Según este conocimiento somos fruto de unas conexiones neuronales, de una serie
casi infinita de transmisiones de información al par que un resultado de la
segregación de diversas sustancias químicas. No sé cuál será -por tanto- la
sustancia química que cuando se segrega nos da la ilusión del ‘yo’, del libre
albedrío. Esta idea, que parece casi inofensiva y que incluso la religión (del
lat.: ‘volver a unir’) avala, es a mi entender el germen de toda la separación
humana. Esta idea nos pone unos frente a otros, portadores de esa libertad
ilusoria que creemos tener.

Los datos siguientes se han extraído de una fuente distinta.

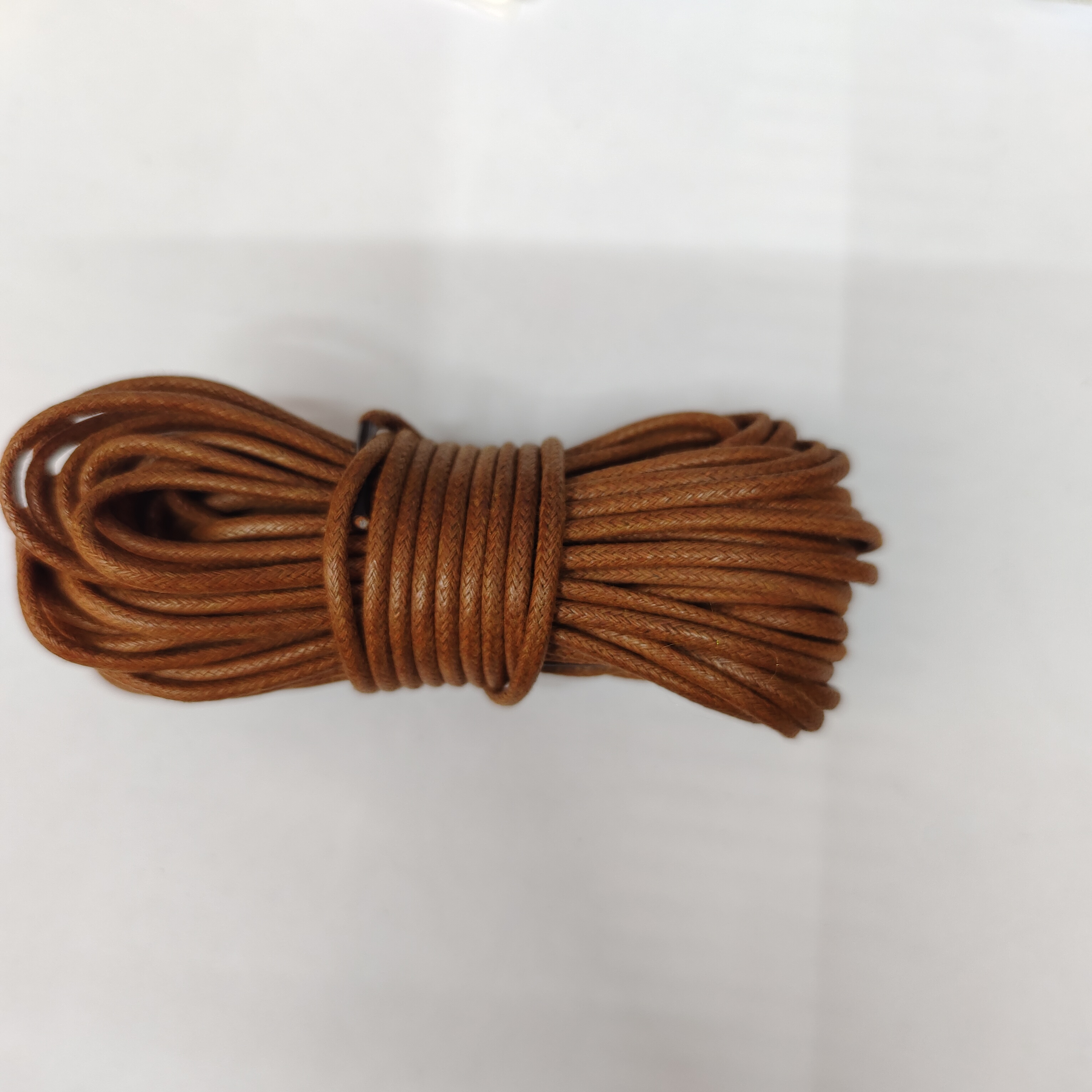 2.5mm黄咖蜡绳 蜡绳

En resumidas cuentas, tal ilusión nos lleva por los
caminos del deseo, de la separación, de la ambición, de la búsqueda
incansable y competitiva de
‘libertades’. Y todo ello nos actualiza a hoy mismo y a este llamado
‘capitalismo’.
Pero
frente al ya sucintamente tratado libre albedrío se contrapone otra idea que
–paradójicamente- nos deja una libertad mayor, o mejor dicho, que porta una
esencia liberadora. Si asumimos que somos fruto de lo que somos, (“Yo soy el
que soy”, significado de Yavé –Dios-), nuestra libertad responde a una libertad
mayor que nos trasciende. Una libertad que desconocemos, que nos rige como
‘algo’ rige las estrellas, las innumerables galaxias, su orden preciso, la
sincronía de los ciclos de las estaciones, los latidos del corazón, las leyes
físicas, el cosmos, la respiración y las mareas, la forma de las nubes o el
color del cielo en las puestas de sol… Así con eso, ¿qué papel jugamos nosotros
en todo ello?, ¿no resulta vanidoso atribuirnos la función de hacedores en tal
majestuosa armonía de milagros cotidianos?, ¿no queda mejor asumir el papel de
instrumentos de una voluntad mayor?, ¿no se nos presenta liberadora esta idea?

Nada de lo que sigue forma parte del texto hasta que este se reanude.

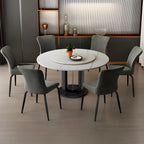 Chaises de cuisine/salle à manger industrielles gris foncé sans accoudoirs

Si todos los días sale el sol y nosotros no tenemos que hacer nada para ello,
no hemos de empujarlo con una máquina para que se ponga, ¿qué nos impide
confiar por entero en la obra de la naturaleza? ¿No sería más inteligente –más
sabio- regirnos por las leyes de la naturaleza, actuar en sincronía con ella?
Dejar de una vez de asumir el papel de dioses y salir de ese sueño insensato.
Creo que si lo hiciéramos nos sorprenderíamos de la libertad que supone saber
que uno no hace nada y que –a pesar de eso- todo es hecho con una perfección
mágica y asombrosa. Y todo sería más sencillo. Mucho más natural.